## Wednesday, September 2, 2015

### Classic proof: $\dfrac{22}{7}\gt \pi$

Prove $\dfrac{22}{7}\gt \pi$.

There is a very classic and elegant proof for this inequality involving $\pi$ and its fraction representative $\dfrac{22}{7}$.

It's using the graphical and integration method to prove $\dfrac{22}{7}\gt \pi$.

Proof_that_22/7_> pi

It first recognizes the graph of $y=\dfrac{\left(x^4\left(1-x\right)^4\right)}{1+x^2}$ lies on the first quadrant on the interval $[0,\,1]$, as shown in the graph below:

Therefore, the definite integral [MATH]\int_{0}^{1} \dfrac{\left(x^4\left(1-x\right)^4\right)}{1+x^2}\,dx\gt 0[/MATH].

Now, our effort remains on evaluating the definite integral above:

[MATH]\int_{0}^{1} \dfrac{\left(x^4\left(1-x\right)^4\right)}{1+x^2}\,dx[/MATH]

[MATH]=\int_{0}^{1} \dfrac{x^8-4 x^7+6 x^6-4 x^5+x^4}{1+x^2}\,dx[/MATH]

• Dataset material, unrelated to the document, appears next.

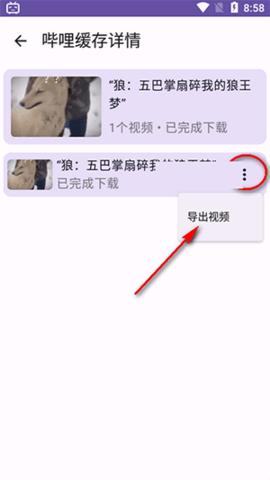 BiliDownOut手机版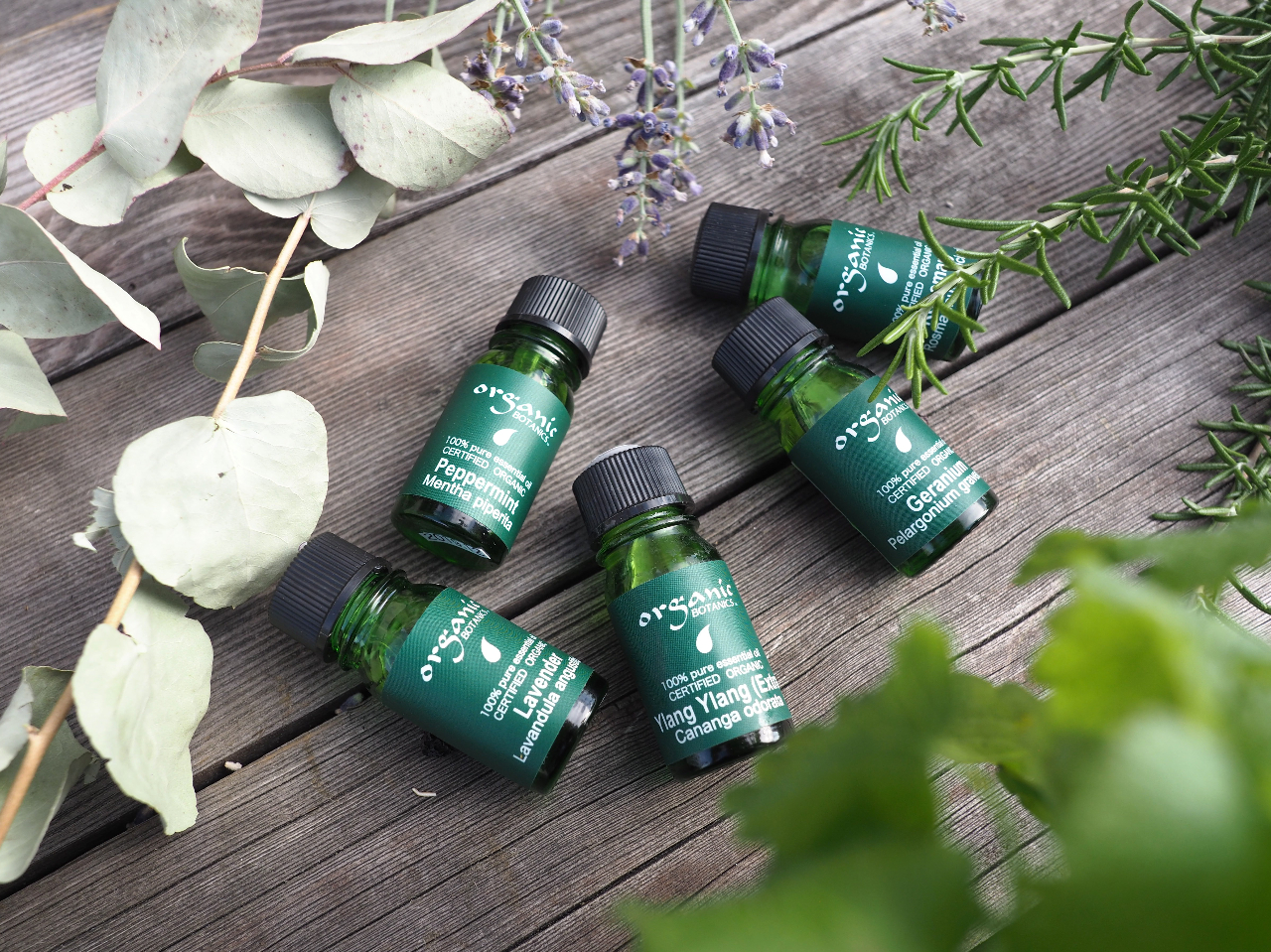 py닦F̃I[KjbNE{^jNXgp܂B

[MATH]=\int_{0}^{1} \left(x^6-4 x^5+5 x^4-4 x^2+4-\dfrac{4}{1+x^2}\right)\,dx[/MATH]

[MATH]=\left[\dfrac{x^7}{7}-\dfrac{2x^6}{3}+x^5-\dfrac{4x^3}{3}+4x-4\arctan (x)\right]_0^1[/MATH]

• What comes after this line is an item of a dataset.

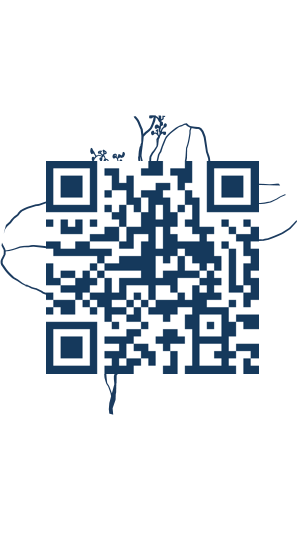 https://www.notesdumontroyal.com/note/138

[MATH]=\left[\dfrac{1}{7}-\dfrac{2}{3}+1-\dfrac{4}{3}+4-4\arctan (1)\right]-[\arctan 0][/MATH]

[MATH]=\left[\dfrac{22}{7}-4\dfrac{\pi}{4}\right]-[0][/MATH]

$=\dfrac{22}{7}-\pi$

Therefore, we have $\dfrac{22}{7}-\pi\gt 0$, which implies $\dfrac{22}{7}\gt \pi$ and the proof is then elegantly done.

Note that this classic proof and the beauty of it lies in finding the right integrand that must satisfy all the conditions (the area bounded by the function and $x=0$ and $x=1$ must be positive, and also, the result must yield a $\dfrac{22}{7}-\pi$).

There certainly have been many trials and errors before figuring out that beauty rational function that works like charm in proving this problem.

I want to say that is the spirit of each of us should acquire, we should toy with the idea by experimenting with the help of the top-notch technology in order to generate the rational function that works!

My hat is off to the person who created this very proof!